### DIRECTIONS FOR THIS TASK
The task calls for the lines below from the line with "Трос стояночного тормоза" to the line with "blusa feminina decote", both ends included, copied exactly, without any pictures.

### EXTRACTED RECORDS
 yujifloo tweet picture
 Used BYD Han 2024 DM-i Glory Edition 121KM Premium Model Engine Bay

...

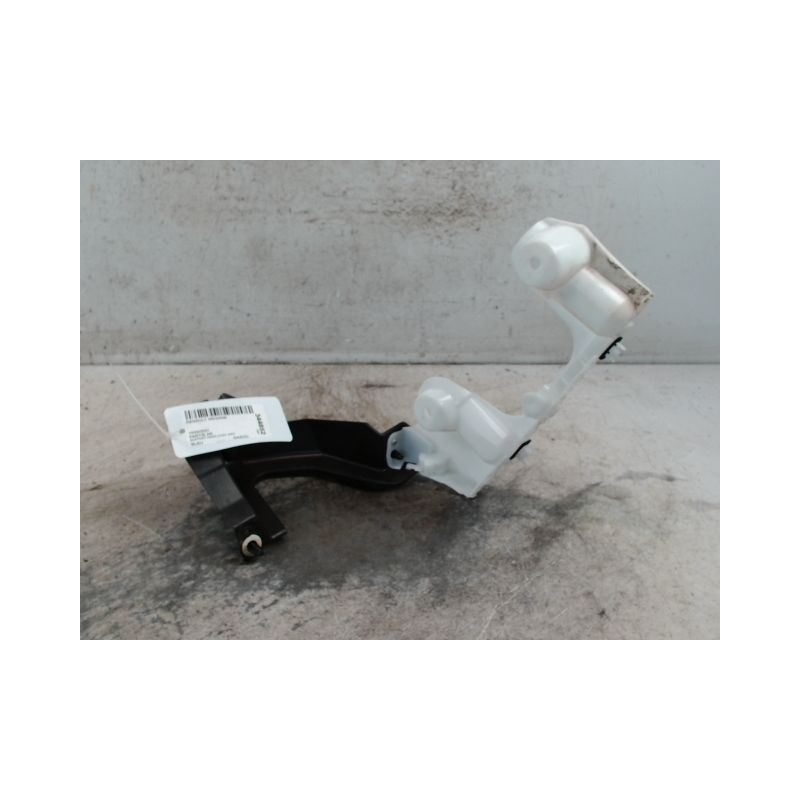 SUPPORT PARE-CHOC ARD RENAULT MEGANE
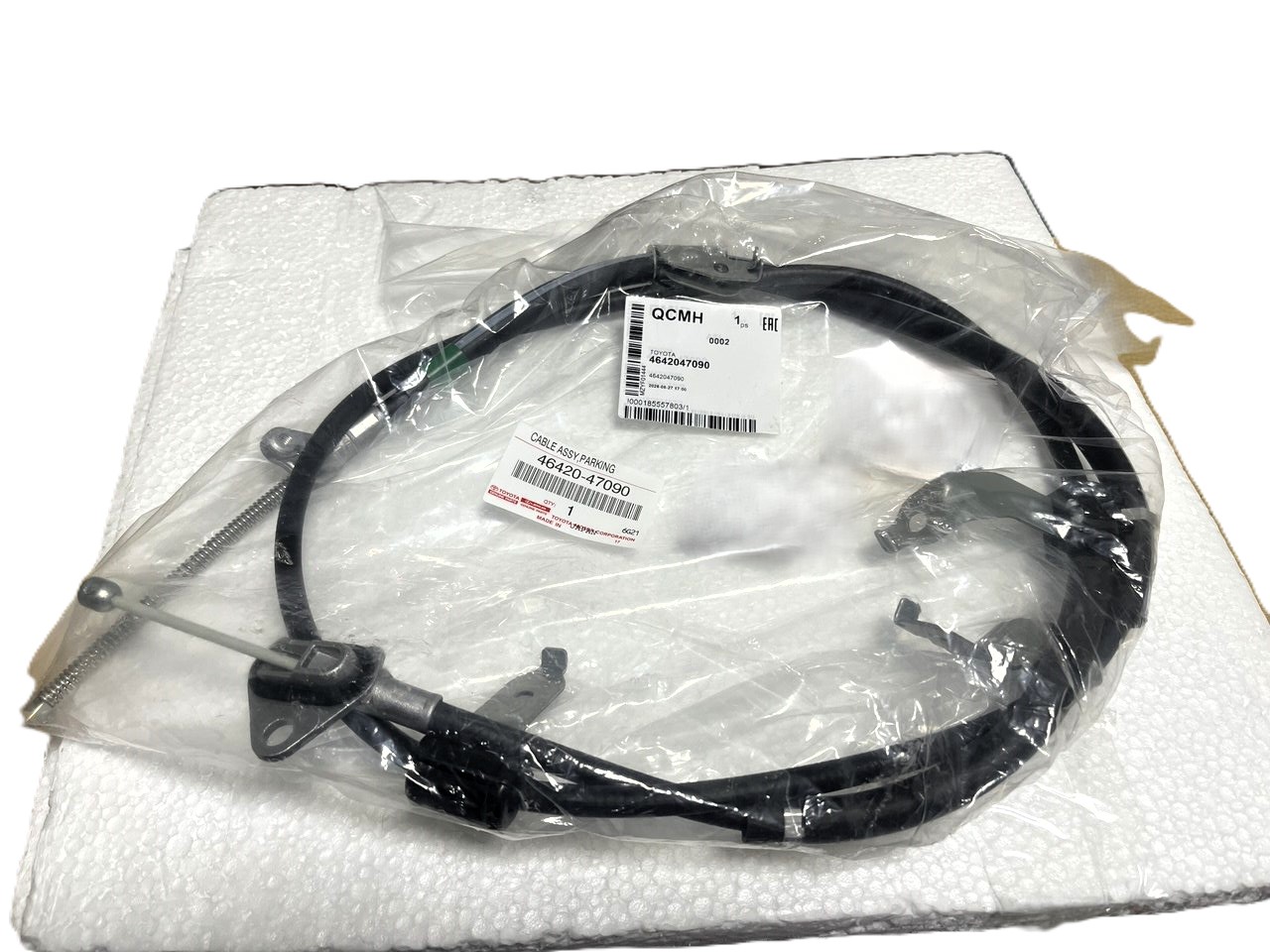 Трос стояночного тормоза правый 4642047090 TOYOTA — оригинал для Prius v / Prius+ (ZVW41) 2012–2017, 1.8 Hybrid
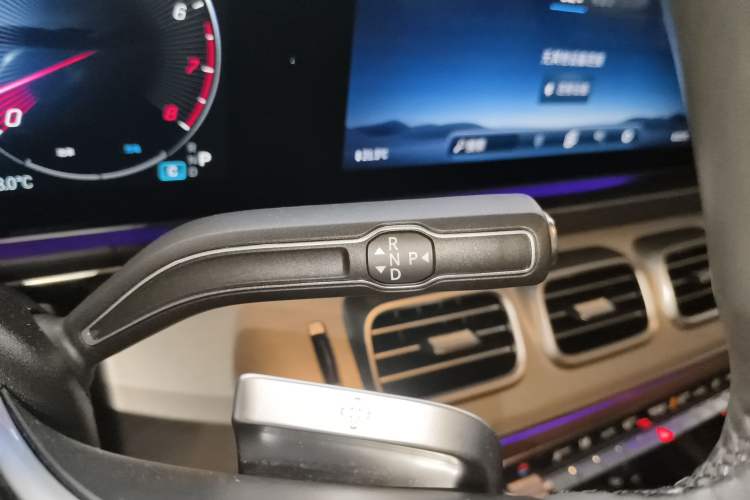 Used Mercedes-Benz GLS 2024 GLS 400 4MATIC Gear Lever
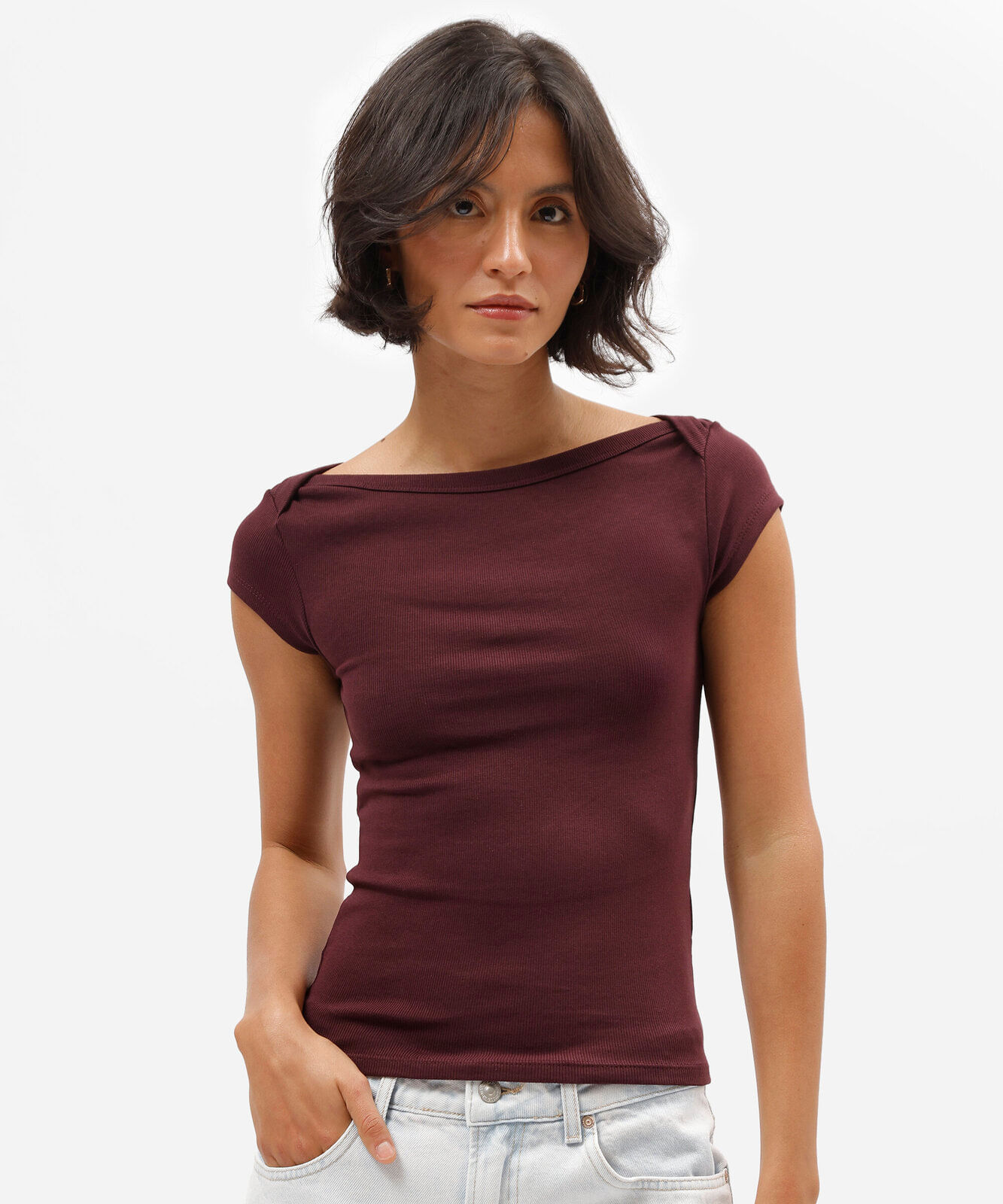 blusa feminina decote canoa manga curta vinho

---

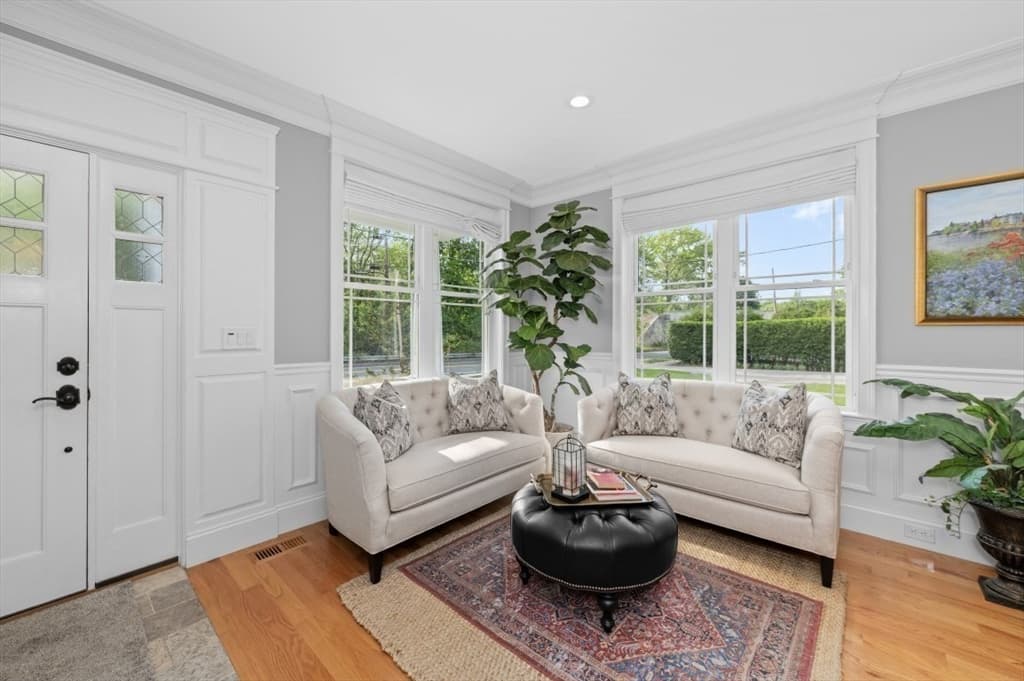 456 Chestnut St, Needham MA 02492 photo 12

### EXERCISE OUTPUT
 Трос стояночного тормоза правый 4642047090 TOYOTA — оригинал для Prius v / Prius+ (ZVW41) 2012–2017, 1.8 Hybrid
 Used Mercedes-Benz GLS 2024 GLS 400 4MATIC Gear Lever
 blusa feminina decote canoa manga curta vinho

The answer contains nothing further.